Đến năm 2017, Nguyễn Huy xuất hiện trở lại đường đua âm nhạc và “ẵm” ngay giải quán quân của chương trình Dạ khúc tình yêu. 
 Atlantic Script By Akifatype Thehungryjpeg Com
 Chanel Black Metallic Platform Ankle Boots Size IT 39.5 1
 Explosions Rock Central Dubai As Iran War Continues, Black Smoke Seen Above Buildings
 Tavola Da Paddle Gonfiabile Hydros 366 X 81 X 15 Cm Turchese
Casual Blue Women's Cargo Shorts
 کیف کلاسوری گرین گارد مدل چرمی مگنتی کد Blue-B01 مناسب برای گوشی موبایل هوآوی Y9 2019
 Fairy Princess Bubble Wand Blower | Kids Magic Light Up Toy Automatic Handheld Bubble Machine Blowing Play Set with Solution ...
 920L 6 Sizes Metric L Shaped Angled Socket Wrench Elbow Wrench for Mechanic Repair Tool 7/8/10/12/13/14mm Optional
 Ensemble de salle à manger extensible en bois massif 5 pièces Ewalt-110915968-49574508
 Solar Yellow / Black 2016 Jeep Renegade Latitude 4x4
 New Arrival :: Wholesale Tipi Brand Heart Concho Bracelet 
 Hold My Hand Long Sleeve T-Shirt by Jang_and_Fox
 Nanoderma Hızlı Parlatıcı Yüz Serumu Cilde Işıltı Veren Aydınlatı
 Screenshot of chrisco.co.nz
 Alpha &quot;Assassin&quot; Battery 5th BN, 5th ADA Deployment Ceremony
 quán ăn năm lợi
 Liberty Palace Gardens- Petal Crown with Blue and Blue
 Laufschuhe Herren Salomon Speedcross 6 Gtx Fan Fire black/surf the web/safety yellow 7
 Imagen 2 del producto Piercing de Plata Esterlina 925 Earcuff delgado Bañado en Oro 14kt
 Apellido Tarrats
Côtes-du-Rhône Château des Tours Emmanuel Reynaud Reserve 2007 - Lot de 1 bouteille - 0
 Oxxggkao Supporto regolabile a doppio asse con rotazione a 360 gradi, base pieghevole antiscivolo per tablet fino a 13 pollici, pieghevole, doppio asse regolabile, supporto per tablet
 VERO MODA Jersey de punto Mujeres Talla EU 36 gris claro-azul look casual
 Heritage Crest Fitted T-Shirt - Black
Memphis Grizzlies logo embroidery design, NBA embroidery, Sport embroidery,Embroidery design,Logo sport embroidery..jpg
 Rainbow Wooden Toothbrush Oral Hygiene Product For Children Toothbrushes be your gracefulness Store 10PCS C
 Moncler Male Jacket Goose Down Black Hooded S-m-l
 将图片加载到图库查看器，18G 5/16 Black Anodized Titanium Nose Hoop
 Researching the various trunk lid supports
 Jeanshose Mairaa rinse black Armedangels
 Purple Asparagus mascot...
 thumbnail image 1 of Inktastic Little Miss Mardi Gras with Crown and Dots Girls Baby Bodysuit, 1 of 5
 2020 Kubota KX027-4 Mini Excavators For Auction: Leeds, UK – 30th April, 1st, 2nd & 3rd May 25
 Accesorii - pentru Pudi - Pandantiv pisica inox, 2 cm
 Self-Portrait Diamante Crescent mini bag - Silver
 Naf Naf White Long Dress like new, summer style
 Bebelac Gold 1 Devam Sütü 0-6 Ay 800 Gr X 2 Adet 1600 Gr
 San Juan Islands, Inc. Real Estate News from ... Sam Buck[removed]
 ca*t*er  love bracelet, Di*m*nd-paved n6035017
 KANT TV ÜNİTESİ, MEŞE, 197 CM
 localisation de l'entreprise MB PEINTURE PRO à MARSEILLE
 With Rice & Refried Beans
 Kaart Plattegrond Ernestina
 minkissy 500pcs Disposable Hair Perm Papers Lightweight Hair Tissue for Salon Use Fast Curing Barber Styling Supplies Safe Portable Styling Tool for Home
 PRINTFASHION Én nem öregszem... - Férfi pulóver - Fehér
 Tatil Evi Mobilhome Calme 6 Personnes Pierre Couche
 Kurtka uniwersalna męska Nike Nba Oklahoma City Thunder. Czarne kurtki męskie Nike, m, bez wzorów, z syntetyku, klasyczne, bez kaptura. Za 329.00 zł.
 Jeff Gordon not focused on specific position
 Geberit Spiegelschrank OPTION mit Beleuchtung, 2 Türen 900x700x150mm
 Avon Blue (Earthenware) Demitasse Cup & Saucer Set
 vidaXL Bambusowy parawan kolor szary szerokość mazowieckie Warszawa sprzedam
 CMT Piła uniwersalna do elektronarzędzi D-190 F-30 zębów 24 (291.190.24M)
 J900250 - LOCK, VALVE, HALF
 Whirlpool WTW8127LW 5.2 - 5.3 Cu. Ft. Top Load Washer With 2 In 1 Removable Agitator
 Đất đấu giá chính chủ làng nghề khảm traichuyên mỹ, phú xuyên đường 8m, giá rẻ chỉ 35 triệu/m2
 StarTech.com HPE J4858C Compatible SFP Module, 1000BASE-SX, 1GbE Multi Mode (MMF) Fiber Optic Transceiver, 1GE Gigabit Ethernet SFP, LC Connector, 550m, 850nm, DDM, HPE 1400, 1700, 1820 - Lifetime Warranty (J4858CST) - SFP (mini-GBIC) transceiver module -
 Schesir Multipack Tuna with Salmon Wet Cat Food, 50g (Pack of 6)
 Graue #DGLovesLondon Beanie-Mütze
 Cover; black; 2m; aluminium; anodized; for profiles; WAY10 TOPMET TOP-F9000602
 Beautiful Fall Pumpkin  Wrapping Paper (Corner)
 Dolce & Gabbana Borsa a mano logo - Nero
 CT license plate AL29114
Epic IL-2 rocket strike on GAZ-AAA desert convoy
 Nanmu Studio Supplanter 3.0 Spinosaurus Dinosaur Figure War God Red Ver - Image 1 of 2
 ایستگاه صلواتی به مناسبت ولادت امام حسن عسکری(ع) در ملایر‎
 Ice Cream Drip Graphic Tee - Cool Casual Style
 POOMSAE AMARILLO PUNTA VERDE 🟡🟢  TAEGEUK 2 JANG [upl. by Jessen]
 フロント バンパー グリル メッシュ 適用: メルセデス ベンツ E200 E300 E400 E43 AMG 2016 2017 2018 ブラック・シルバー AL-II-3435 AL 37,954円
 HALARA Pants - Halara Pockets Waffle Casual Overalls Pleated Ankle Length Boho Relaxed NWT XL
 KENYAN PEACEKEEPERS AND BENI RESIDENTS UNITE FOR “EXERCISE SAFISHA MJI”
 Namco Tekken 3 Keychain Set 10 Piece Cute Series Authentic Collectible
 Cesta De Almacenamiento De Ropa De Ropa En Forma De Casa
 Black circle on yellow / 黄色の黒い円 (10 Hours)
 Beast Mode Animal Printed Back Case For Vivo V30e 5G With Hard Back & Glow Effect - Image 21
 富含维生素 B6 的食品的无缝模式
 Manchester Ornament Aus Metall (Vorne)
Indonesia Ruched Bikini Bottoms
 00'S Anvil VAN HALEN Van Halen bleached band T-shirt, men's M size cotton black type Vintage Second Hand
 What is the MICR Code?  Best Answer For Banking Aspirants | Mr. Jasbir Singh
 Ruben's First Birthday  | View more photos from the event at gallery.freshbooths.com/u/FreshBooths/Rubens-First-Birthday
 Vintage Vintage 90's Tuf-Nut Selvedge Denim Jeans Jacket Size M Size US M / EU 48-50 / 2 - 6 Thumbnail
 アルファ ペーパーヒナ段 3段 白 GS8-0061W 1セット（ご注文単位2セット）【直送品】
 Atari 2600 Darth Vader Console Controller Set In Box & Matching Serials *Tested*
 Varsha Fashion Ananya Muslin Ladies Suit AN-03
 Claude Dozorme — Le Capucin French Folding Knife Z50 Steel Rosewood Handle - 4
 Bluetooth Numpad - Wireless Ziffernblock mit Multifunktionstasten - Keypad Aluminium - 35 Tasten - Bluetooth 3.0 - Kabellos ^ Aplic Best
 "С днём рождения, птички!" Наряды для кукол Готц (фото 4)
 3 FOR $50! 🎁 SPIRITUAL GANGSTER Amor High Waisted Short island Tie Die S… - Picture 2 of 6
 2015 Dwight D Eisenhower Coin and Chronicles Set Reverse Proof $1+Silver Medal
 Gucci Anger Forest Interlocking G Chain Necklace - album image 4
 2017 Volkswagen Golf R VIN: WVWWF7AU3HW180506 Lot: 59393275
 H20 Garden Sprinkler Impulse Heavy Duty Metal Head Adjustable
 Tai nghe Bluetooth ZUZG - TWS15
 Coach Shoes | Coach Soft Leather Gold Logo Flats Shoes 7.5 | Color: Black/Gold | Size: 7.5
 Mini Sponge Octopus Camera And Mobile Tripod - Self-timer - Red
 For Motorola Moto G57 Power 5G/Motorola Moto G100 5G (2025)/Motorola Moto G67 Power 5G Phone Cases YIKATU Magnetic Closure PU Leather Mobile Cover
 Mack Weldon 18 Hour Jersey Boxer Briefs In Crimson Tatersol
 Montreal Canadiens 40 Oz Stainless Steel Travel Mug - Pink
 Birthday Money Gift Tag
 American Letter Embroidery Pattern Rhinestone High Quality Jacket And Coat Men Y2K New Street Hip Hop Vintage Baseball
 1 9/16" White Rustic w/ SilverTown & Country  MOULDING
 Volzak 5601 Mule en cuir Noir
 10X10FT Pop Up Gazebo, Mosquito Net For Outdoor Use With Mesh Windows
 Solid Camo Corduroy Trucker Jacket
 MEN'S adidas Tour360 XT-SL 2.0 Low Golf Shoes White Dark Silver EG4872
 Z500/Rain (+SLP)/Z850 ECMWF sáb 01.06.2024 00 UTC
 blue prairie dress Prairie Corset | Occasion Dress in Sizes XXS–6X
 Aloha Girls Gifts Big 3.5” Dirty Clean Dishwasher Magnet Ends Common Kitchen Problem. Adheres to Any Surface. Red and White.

_THE PROBLEM_: All that is wanted is a faithful reproduction of the line above with "Moncler Male Jacket", the line with "Accesorii - pentru", and every line in between.

_EXERCISE RESPONSE_:
 Moncler Male Jacket Goose Down Black Hooded S-m-l
 将图片加载到图库查看器，18G 5/16 Black Anodized Titanium Nose Hoop
 Researching the various trunk lid supports
 Jeanshose Mairaa rinse black Armedangels
 Purple Asparagus mascot...
 thumbnail image 1 of Inktastic Little Miss Mardi Gras with Crown and Dots Girls Baby Bodysuit, 1 of 5
 2020 Kubota KX027-4 Mini Excavators For Auction: Leeds, UK – 30th April, 1st, 2nd & 3rd May 25
 Accesorii - pentru Pudi - Pandantiv pisica inox, 2 cm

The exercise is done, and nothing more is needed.